T2POIM

Writing is about learning what you like to read and then learning what you like to write and then writing what you like to read. That’s my opinion. Naturally.

So today’s Things That Probably Only Interest Me (T2POIM) is about our local temperature. Arriving home yesterday just past five in the pre-evening (or post-afternoon), I checked the temps. Thirty-seven F. Sweet.

We’ve had days of colder weather that we’re used to. I’m not bragging that ours was cold because I know my sisters were out shopping in twelve degree weather. We never went that low.

That’s the thing, however. We usually don’t go low on temps. A few times per winter finds temps in the low twenties and high teens, which is what we’ve been experiencing. As our homes aren’t built to endure that, we need to attend matters like the furnace, pipes and cats to ensure nothing freezes on us.

Thirty-seven yesterday pre-evening marked the first time that we were over freezing that late in the day. I skated through some relief with a mental cry that the worse was over. But I kept watching the temp. Six: thirty-seven. Seven: thirty-seven. Eight: thirty-seven.

Midnight: thirty-seven.

By now, I believed my weather station was kaput. But local online stations showed the same temperature. So…I went to bed.

Three: thirty-seven.

Six: thirty-seven.

Seven: thirty-seven.

Eight: thirty-seven.

I went to Southern Oregon University’s online weather station. It’s physically situated several hundred feet lower in elevation and in a field where either sun or fog often envelops it. Its temp was but one degree below our temp. Pulling up their graphs, I saw the same results I’d noticed at home: the temperature hadn’t changed since five PM yesterday.
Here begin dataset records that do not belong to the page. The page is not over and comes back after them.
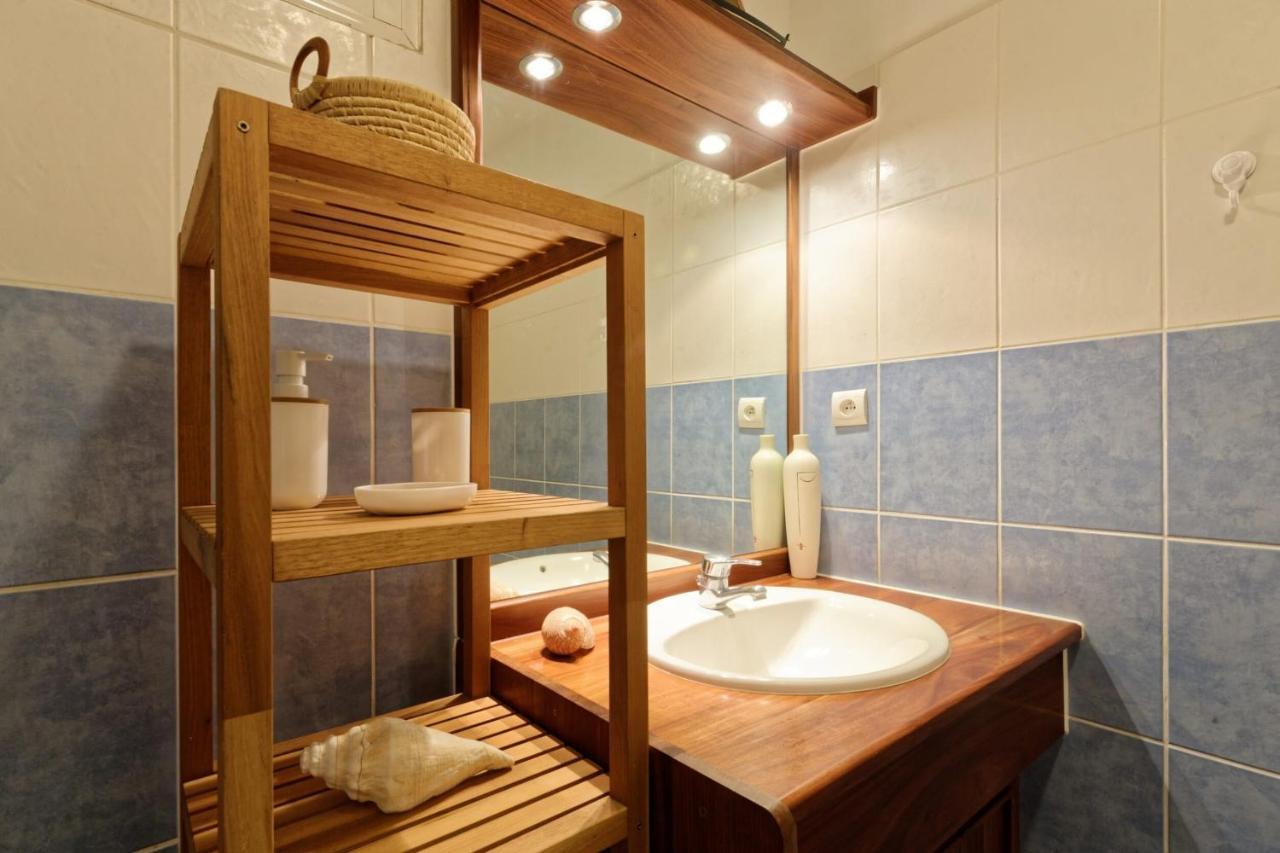 Appartement Escale Bleue Proche De La Mer De Saint-Leu Pour 2 Personnes 外观 照片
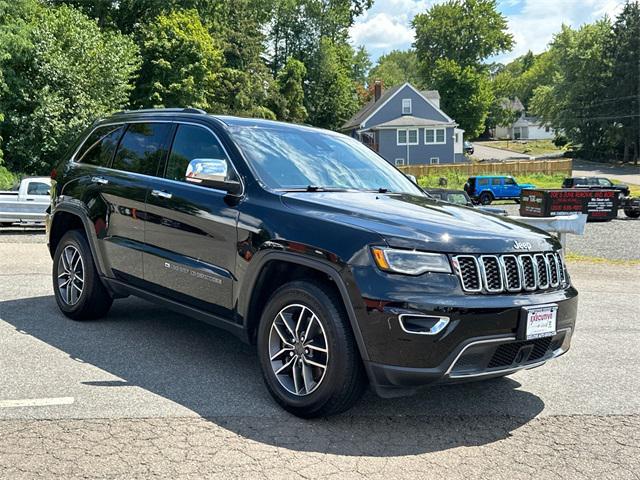 used 2022 Jeep Grand Cherokee car, priced at $29,997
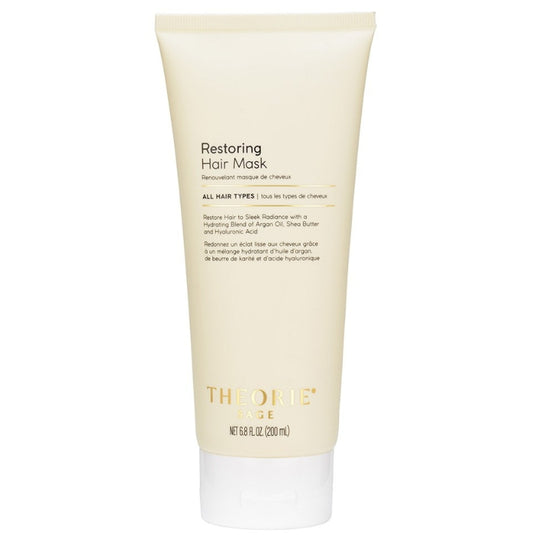Theorie Sage Restore Hair Mask 200Ml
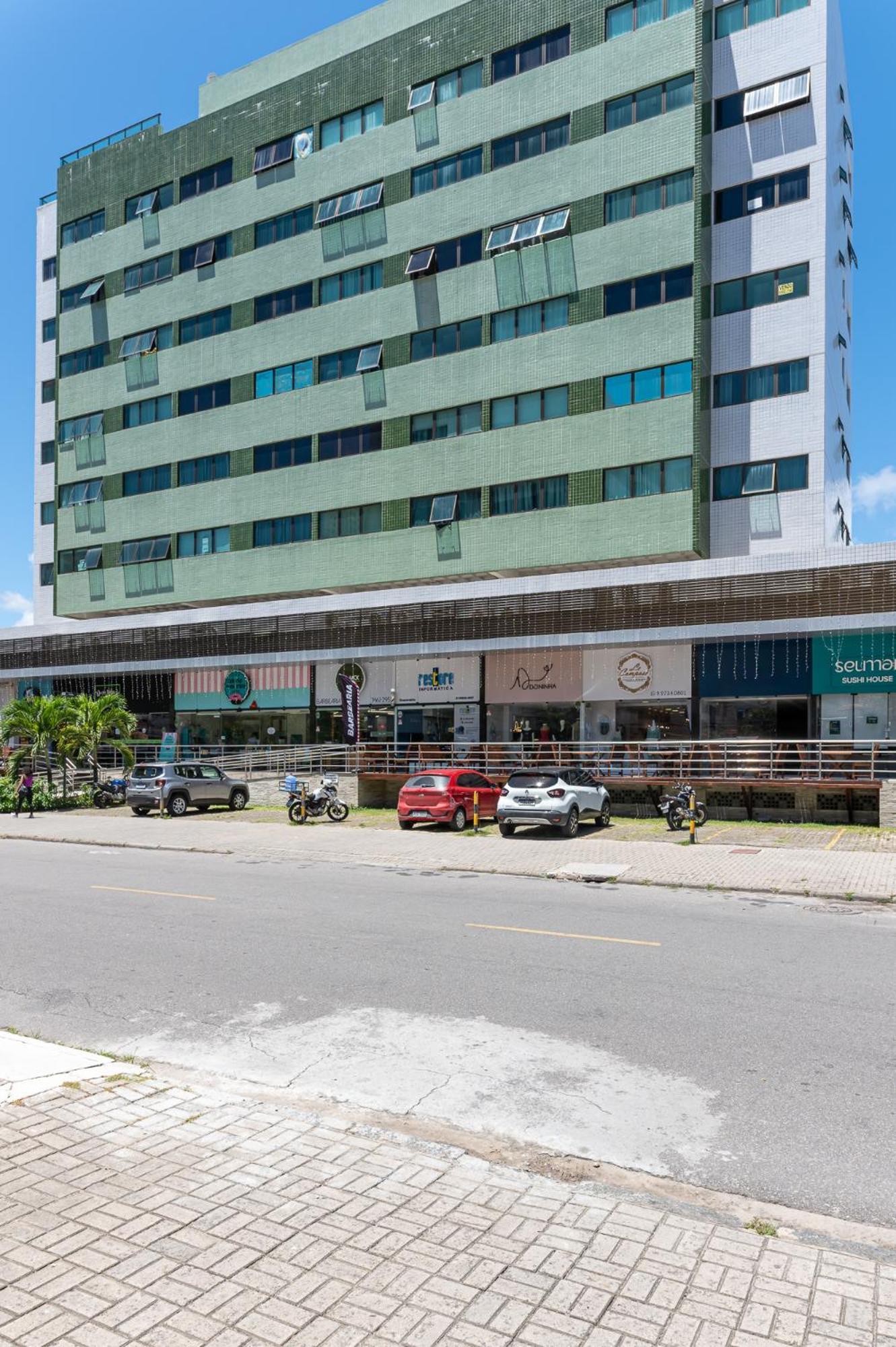 Apartamento Com Piscina ريسيفي المظهر الخارجي الصورة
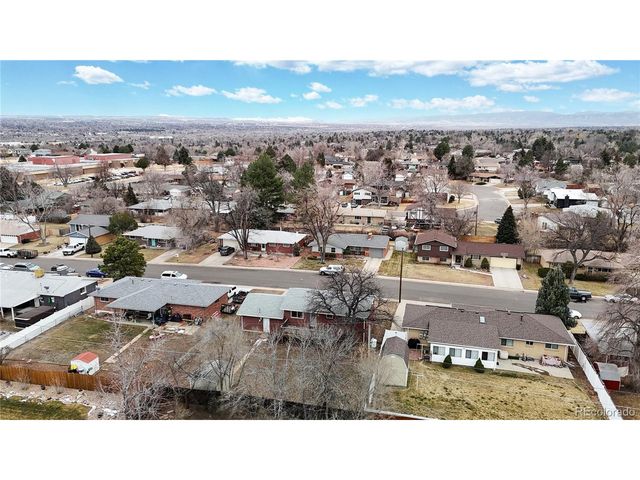 4341 W Rice Pl, Denver, CO 80236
By ten, our temperature had finally climbed to thirty-eight. But it struck me as astonishing, that through a winter night and past sunrise, the temperature remained the same. Of course, seeing the thick cloud cover and then the rain, I knew a warm front had moved in.

It’s interesting. I’m sure, though, seeing an unchanging temperature over fifteen hours remains a T2POIM.